Parte muito significativa da N & N concentra-se na criação de novas moléculas com arquiteturas muito especiais, do que resultam propriedades também muito especiais. Esse é um campo muito amplo e interdisciplinar envolvendo a química, a física, a bioquímica, a biofísica, a engenharia de materiais, a ciência da computação e a medicina. Grande esforço está sendo concentrado na invenção e produção de moléculas cuja arquitetura faça com que elas se auto-organizem em estruturas maiores, similarmente ao que ocorre com as moléculas biológicas. As possibilidades vislumbradas são de tirar o fôlego: computadores moleculares muito mais poderosos, catalisadores nanométricos mais diversificados e eficientes, materiais avançados para próteses, e até anticorpos sintéticos capazes de encontrar e destruir vírus ou células cancerígenas onde eles se encontrem no corpo. Na verdade, toda a farmacologia pode obter avanços revolucionários advindos da N & N: os princípios ativos das drogas podem ser agregados à superfície ou encapsulados no interior de macromoléculas projetadas para serem absorvidas por órgãos específicos do corpo, ou por órgãos afetados por determinadas doenças, onde finalmente liberarão a droga.
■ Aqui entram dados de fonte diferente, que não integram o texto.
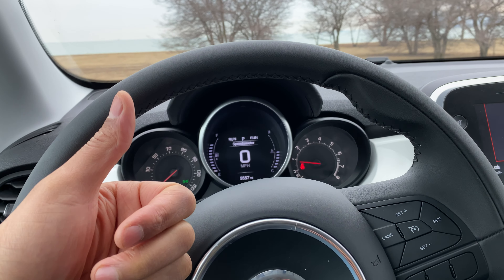As you can see right here, I can bring it all the way down to dim the instrument panel and bring it all the way up to illuminate the instrument panel. So that's down and then up.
Dessa forma, doses muito menores de drogas podem se tornar efetivas, com a conseqüente drástica redução dos efeitos colaterais.
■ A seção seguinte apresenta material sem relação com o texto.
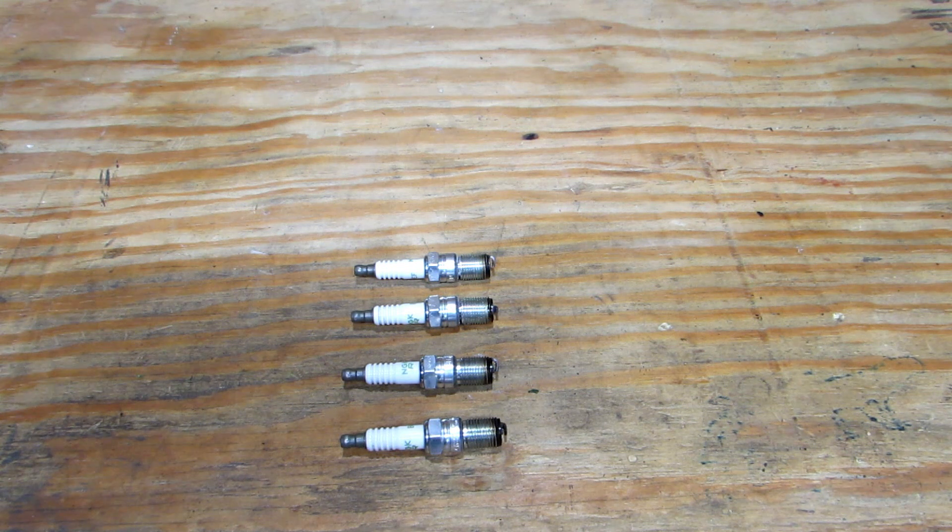As tuners, we rely heavily upon the data we get logging, whether it's street tuning, at the track, or on a dyno. But primarily I'm tuning on the street, so that data is what I rely heavily upon when making tuning decisions. But there's another tool we have as a tuner, and that's our spark plugs.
Uma das vedetes das novas moléculas são os nanotubos de carbono (Figura 3), criados em 1991 por Sumio Ijima, da NEC. Esses nanotubos são formados por folhas de átomos de carbono, em um arranjo hexagonal, que se enrolam para formar um espaguete com diâmetro tipicamente entre um e dois nanômetros. Os espaguetes podem ser muito longos e se fecham por átomos de carbono em arranjo pentagonal. A parede do espaguete pode conter mais de uma folha de átomos, mas desde 1993 já se controla a técnica de síntese de espaguetes de uma única folha, ou seja, espaguetes cujas paredes têm apenas uma camada atômica. Propriedades importantes dos nanotubos são determinadas pelo seu diâmetro e pela sua quiralidade, ou seja, pela forma como os hexágonos de átomos de carbono se orientam em relação ao eixo do tubo. Esforços são empreendidos no sentido de se controlar tais propriedades no processo de síntese ou por seleção posterior à síntese.

Os nanotubos de carbono podem vir a ser uma verdadeira maravilha de 1001 utilidades. Uma aplicação que seguramente será implementada no curto prazo é a aglomeração texturizada de nanotubos para a composição de materiais cinco vezes mais leves e vinte vezes mais resistentes que o aço, além de capazes de operar sob temperaturas três vezes mais elevadas. Materiais com tais propriedades revolucionarão a indústria mecânica, especialmente a de veículos terrestres, aéreos e espaciais, que se tornarão muito mais duráveis, leves e eficientes no uso da energia de seu combustível.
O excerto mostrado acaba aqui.